Il riconoscimento, per produrre il suo effetto benefico sull’equilibrio psico-fisico del destinatario ( ma anche di chi lo invia) ha bisogno di tempo, dunque di una variabile che oggi è sempre più rara e preziosa.

Ma il riconoscimento è alla base dei processi di stimolazione e di motivazione, sia per compiere grandi gesta che per realizzare le normali azioni quotidiane. Più se ne riceve in quantità ridotta, meno diventa importante la sua qualità. Qualsiasi forma di riconoscimento, infatti, è preferibile a nessun riconoscimento.

Più raramente se ne riceve, anche se di scarsa qualità, più se ne sente il bisogno e più lo si cerca.

Sotto questo aspetto, Facebook è un potente stimolatore.

Chiunque, attraverso questo social network, può ottenere riconoscimento, continuativamente, con un minimo impegno intellettuale ed emotivo. A Facebook si dà poco ma, in cambio, si riceve tanto.

Dove, come e quando può accadere qualcosa di simile, nella realtà offline?

Facebook viene spesso accusato di alimentare dipendenze, di amplificare il vuoto dell’apparenza, di ridursi ad uno strumento autoreferenziale in quanto ormai privo di ogni contatto con la realtà.

La questione, a nostro avviso, non è se tali affermazioni siano vere o false bensì definire la natura degli stimoli che questo social network invia a chi vi partecipa.

 

Il fattore “ tempo “

La vita offline è povera di stimoli e riconoscimento per diversi motivi. Tra questi c’è il fatto che, come già accennato poc’anzi, l’apprezzamento, per acquisire valore e produrre l’effetto per cui è generato, ha bisogno di tempo. Non c’è autenticità lì dove le azioni sono soggette alla contrazione cronologica. La fugacità non produce motivazione ma solo nostalgia e, spesso, frustrazione. Su di essa, infatti, si può fondare la poesia ma non la vita quotidiana e concreta.
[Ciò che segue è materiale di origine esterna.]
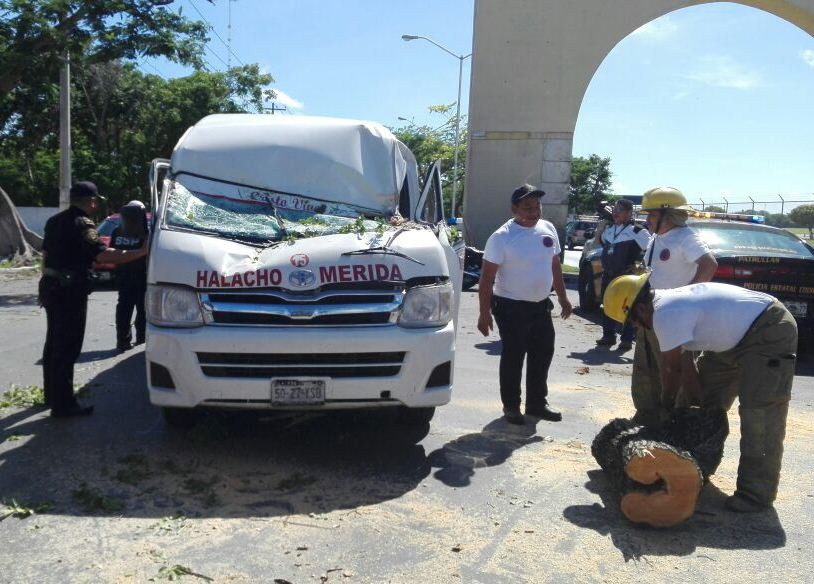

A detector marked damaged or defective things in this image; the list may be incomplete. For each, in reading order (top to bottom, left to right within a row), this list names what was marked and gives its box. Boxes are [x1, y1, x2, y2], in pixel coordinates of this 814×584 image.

shattered windshield [163, 176, 392, 244]
crushed van roof [170, 114, 418, 214]
damaged white van [146, 114, 462, 426]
Viene da chiedersi, allora, cosa ci sia di più duraturo di Facebook e dei virtuale in genere. Cosa risulti meno soggetto all’oblio di una traccia che resti indelebilmente impressa nell’immaterialità del virtuale. La comunicazione tecnologia, che è nello stesso momento causa ed effetto della riduzione della sequenzialità temporale ad un eterno presente, paradossalmente è la modalità relazionale su cui il tempo non ha effetto. Ciò che entra nella rete, vi resta. Solo un atto di volontà ( e non sempre), oppure in inconveniente tecnologico, può eliminarlo. Ma non il tempo.

Ogni segno del proprio passaggio, se si vuole, resta, in Facebook. Anzi rimane fin troppo, di noi, anche ciò che a volte non vorremmo che restasse. Involontariamente o volontariamente lasciamo molte tracce, in questo mondo senza materia.

Facebook, che in quanto espressione della tecnologia mediale ha contribuito al restringimento del tempo, paradossalmente ci concede più tempo di quanto possiamo ottenere in qualsiasi altra dimensione della vita offline.

 

Tempo, memoria e identità

Avere modo di recuperare in qualsiasi momento le proprie tracce fortifica il senso di identità. Amplifica la memoria individuale e quella collettiva, per tale intendendo quella della community a cui si appartiene. Sapere che un proprio segno ( immagine, parola, suono, tre puntini sospensivi, ecc) diventi patrimonio non solo personale ma collettivo potenzia la coscienza di sè, invece di disgregarla. L’egoismo che caratterizza le relazioni interpersonali nella vita materiale, la paura di mostrarsi e di chiedere e dare che alimenta chiusure e conflittualità offline, trovano il loro contrappeso, nel social network, in una intensa spinta a “ condividere “. Che si tratti di banalità, così come di espressioni di intense emozioni, ci si connette a Facebook per farne partecipi tutti.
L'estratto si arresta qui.